Aciago instante del orden el que sobreviene con la revuelta de octubre de 2019. Instante de reacción, donde el fantasma ha de lanzarse a la carroña e intentar anudar lo imposible de anudar. El deseo de los pueblos estalla, los carroñeros se arrojan a la cacería. Los restos arden solos por la calle, un relato que confiscó la vida del fantasma por décadas está en quiebra. El fantasma ya no es eficaz, su vacío y fragmentariedad han quedado expuestos. El cóndor hace lo suyo: fuerzas militares cubren tímidamente al país, fuerzas policiales multiplican sus violencias en una miríada de plazas, barrios, calles y colegios que han sido tomados. El presidente declara la guerra a su pueblo y exhibe, de esta forma, el arché de la república. El hueso se deja ver, la fractura está expuesta y no hay nada que el propio fantasma pueda hacer.

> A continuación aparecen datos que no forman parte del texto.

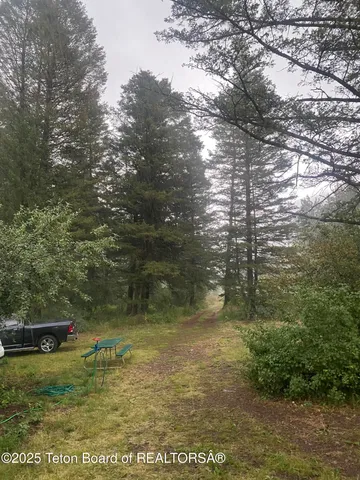 $975,000 | 466 Willow Crk Cyn Road, Bedford, WY 83112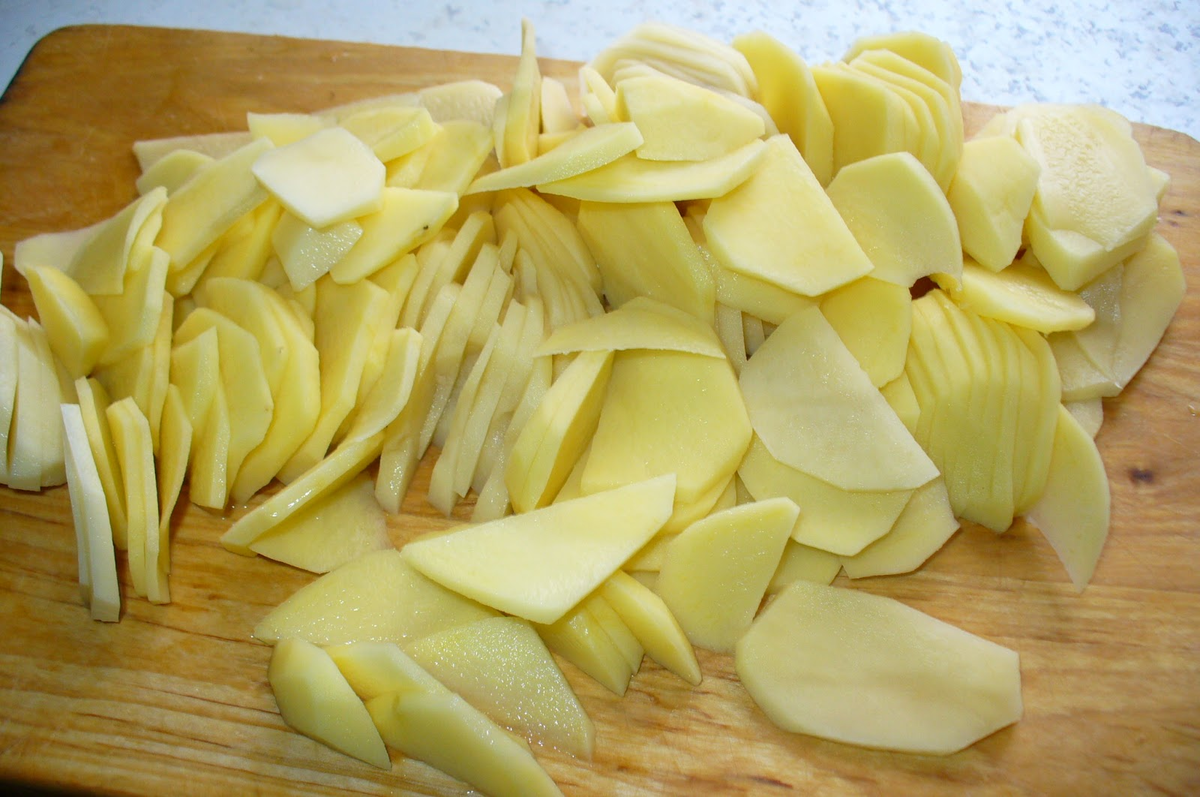 Картошка, нарезанная ломтиками.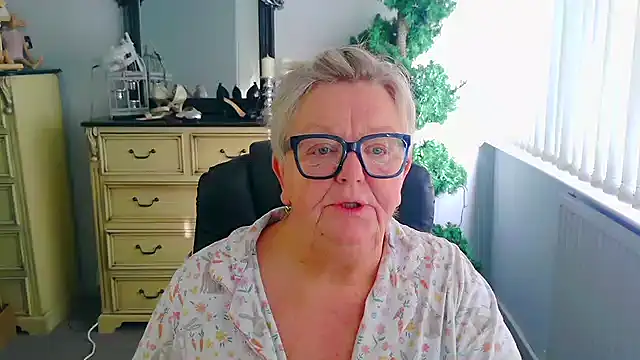 BridgetBlueEyes Show Webcam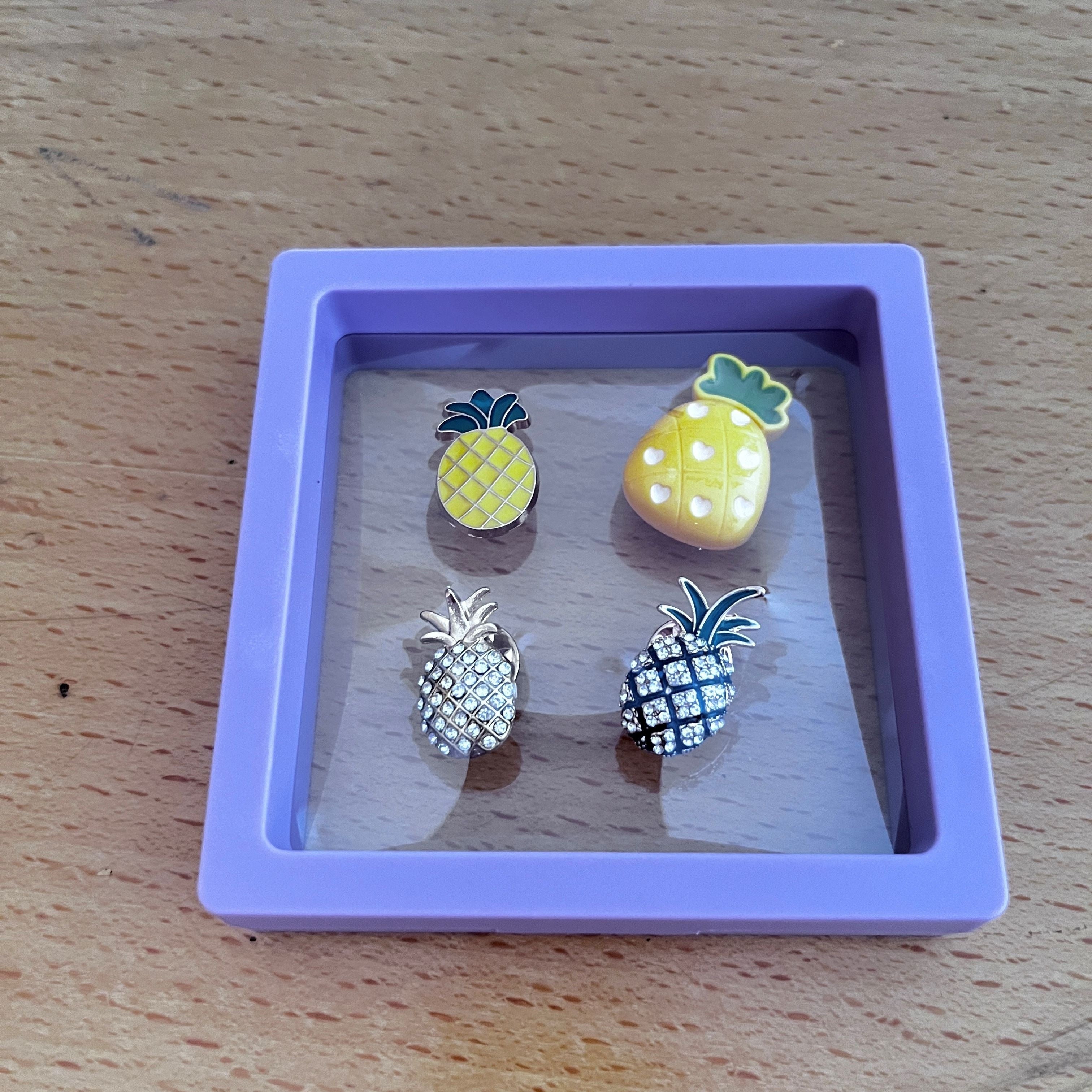 Cute Cartoon Pineapple Brooch Alloy Acrylic Plant Shape Jewelry for Women 3.05cm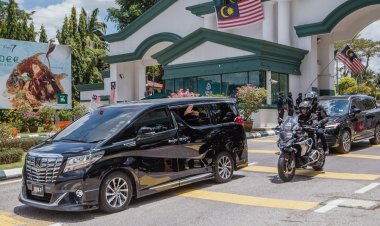 Malezya'nın yeni Başbakanı Yakub yemin ederek görevine başladı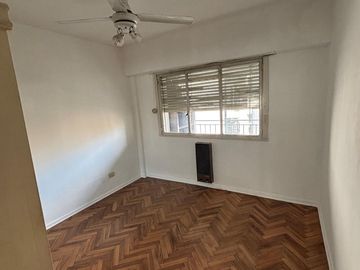 VENTA DEPTO 4AMB C/BALCON + PARILLA ZONA FLORES
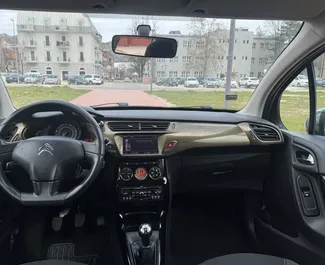 Frontansicht eines Mietwagens Citroen C3 in Budva, Montenegro ✓ Auto Nr.13247. ✓ Schaltgetriebe TM ✓ 0 Bewertungen.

La policía va en busca de la fiesta que colma las calles del país. Las llamas arden, la destrucción irrumpe, un júbilo inviste las pasiones cuando los pueblos logran rasgar las vestiduras del fantasma. En palabras de Mistral: el cóndor acecha al huemul, la stásis de las fuerzas cósmicas se desencadena sobre la tierra. Nada está en su lugar, todo se desplaza, experimentamos la precariedad de lugares tomados y desalojados a la vez. El cóndor se arroja a cazar muertos, restos de presas que han quedado después de la matanza. Pero no hay muertos, sino vivos. Tiene que combatir cuerpo a cuerpo y no sabe hacerlo. La gracia del huemul despunta con los pueblos mientras la fuerza del cóndor retrocede con su fantasma.

Cuando el fantasma no funciona, reacciona. Su látigo es doloroso pero ineficaz. Su reacción advierte la impotencia, sintomatiza su destitución. Ante todo, es en la intelectualidad donde dicha reacción encuentra su sitio. Las columnas proliferan, los periódicos del orden —que realizan la labor diaria de sostener al fantasma— y los libros rápidamente publicados atestiguan la magnitud del acontecimiento. Salvo raras excepciones, la intelectualidad oligárquica apenas se detiene para pensar y, más bien, comanda su palabra como armas dirigidas a la cacería que se anuncia: la anarquía ha vuelto.



1.- Luna Follegatti, La transición a la democracia en Chile: genealogía de un concepto (1973-1989), tesis doctoral, Universidad de Chile, 2018.

2.- Frantz Fanon, Los condenados de la tierra. México D. F., FCE, 1963, p. 39

3.- Ibid., p. 43

4.- Meschonnic, La poética como crítica del sentido, op. cit., p. 34.